Hawaii: Expect swell arrival on Mon PM (7/1) pushing to 1.3 ft @ 19 secs late (2.5 ft). Swell peaking on Tues (7/2) at 2.0 ft @ 17 secs (3.0-3.5 ft). Swell fading some on Wed (7/3) from 2.1 ft @ 15 secs (3.0 ft). Another pulse to arrive on Thurs AM (7/4) at 2.3 ft @ 15 secs early (3.5 ft). Swell fading some on Fri AM (7/5) from 2.1 ft @ 13-14 secs early (2.5-3.0 ft). Swell fading out overnight. Swell Direction: 191-192 degrees
Southern CA: Expect swell arrival on Fri (7/5) building to 2.2 ft @ 16 secs (3.5 ft) holding all day. Swell building on Sat (7/6) to 3.1 ft @ 15-16 secs (4.5-5.0 ft). Swell Direction: 211 degrees
North CA: Expect swell arrival on Fri (7/5) building to 2.3 ft @ 16 secs (3.5-4.0 ft) holding all day. Swell fading on Sat (7/6) from 2.2 ft @ 16 secs (3.5 ft).

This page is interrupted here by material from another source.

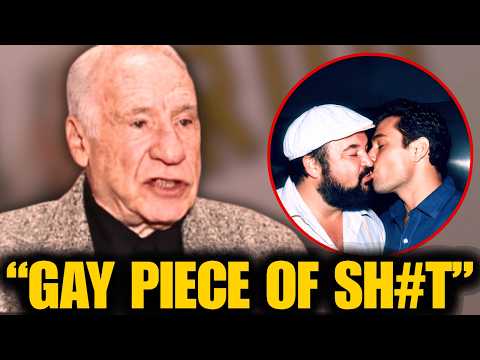 At 98, Mel Brooks Names The Six Actors He Hated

Swell Direction: 214 degrees
New Zealand Gale
A new gale started building south of New Zealand on Fri AM (6/28) producing 35-40 kt northwest winds over a large area and seas building to 25 ft at roughly 54S 155E aimed at the Ross Ice Shelf. By evening a solid fetch of 45-50 kt west-southwest winds were building aimed northeast with seas building from 37 ft at 55.5S 161E (SCal 218 degs and just barely shadowed by Tahiti, NCal 216 degs and unshadowed by Tahiti). On Sat AM (6/29) a broad fetch of 45-50 kt southwest winds were in-place pushing east with seas building to 42 ft at 56S 178.5E aimed east (SCal 212 degs and shadowed, 210 degs NCal and just barely shadowed). In the evening fetch is to hold at 45 kts from the southwest over a broad area with seas 43 ft at 56.5S 173W aimed east-northeast (SCal 208 degrees and becoming unshadowed, NCal 207 degs and shadowed). On Sun AM (6/30) the gale is to be easing east and aimed much better to the north with 35 kt south-southwest winds over a solid area and seas 39 ft at 55S 160W (SCal 203 degs and unshadowed, NCal 202 degs and shadowed). The gale is to track east in the evening with 30-35 kt south-southwest winds over a large area and 34 ft seas at 49.5S 151.5W aimed northeast (SCal 201 degs and unshadowed, NCal 197 degs and unshadowed). The gale is to fade fast on Mon AM (7/1) with 35 kt south winds over a tiny core and seas mainly from previous fetch fading from 31 ft at 46S 144.5W aimed northeast. In the evening the gale is to fade out with seas fading from 28 ft at 50S 133W aimed northeast. Something to monitor.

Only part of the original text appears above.